– Коровку-то покропите: посуньте Заступницу-то к коровке! – просит, прижав к подбородку руки, старая Марьюшка-кухарка.
– Надо уважить, для молочка… – говорит Андрон-плотник.
Вдвигают кивот до половины, держат. Корова склонила голову.
Несут по рабочим спальням. Для легкого воздуха накурено можжухой. Спаситель и Николай-Угодник провожают. Вносят и в наши комнаты, выносят во двор и снова возносят на подмостки. Приходят с улицы – приложиться. Поют народом: «Пресвятая Богоро-дице, спаси на-ас». Горкин руками водит, чтобы складнее пели. Батюшки кушают чай в парадном зале, закусывают семгой и белорыбицей, со свежими, паровыми огурцами. Василь-Василич угощает в конторе «ящичного» и кучера с мальчишкой; мальчишку – стоя. Народ стережет священную карету. На ее дверцах написаны царские короны, золотые. Старушки крестятся на Ее карету, на лошадей; кроткие у Ней лошадки, совсем святые.

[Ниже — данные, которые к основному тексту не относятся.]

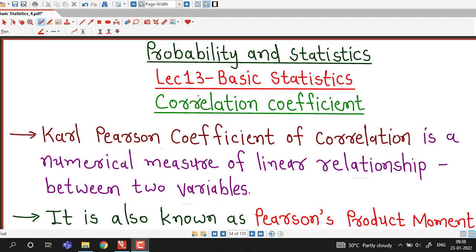Hello friends, I welcome you in lecture number 13 on basic statistics. In this lecture we are going to discuss about correlation coefficient.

Голубая карета едва видна, а мы еще все стоим, стоим с непокрытыми головами, провожаем…
– Помолемшись… – слышатся голоса в народе.
– По гривеннику выдать, чайку попьют, – говорит отец. – Ну, помолились, братцы… завтра, благословясь, начнем.
Весело говорят:
– Дай Господи.
Праздник еще не кончился. Через дорогу несут от Ратникова на узких лотках калачики – горячие, огневые, – жгутся. Плывут лотки за лотками на головах, как лодочки. А вот и горячие баранки, с хрустом. Едят на бревнах, идут в трактиры. Толкутся в воротах нищие, поздравляют: «помолемшись!» Им дают грошики. Понемногу расходятся. Остается пустынный двор, как-то особенно притихший, – обмоленный. Жалко расстаться с ним.
Вечер, а все еще пахнет ладаном и чем-то еще… святым? Кажется мне, что во всех щелях, в дырках между досками, в тихом саду вечернем, – держится голубой дымок, стелются петые молитвы, – только не слышно их. Чудится мне, что на всем остался благостный взор Царицы.
Василь-Василич, с плотниками, уже буднично говорит:
– Поживей-поживей, ребята… все разобрать, собрать, что к чему. Помойку расшить, с лужи палубник принять, штабеля на место. Некогда завтра заниматься.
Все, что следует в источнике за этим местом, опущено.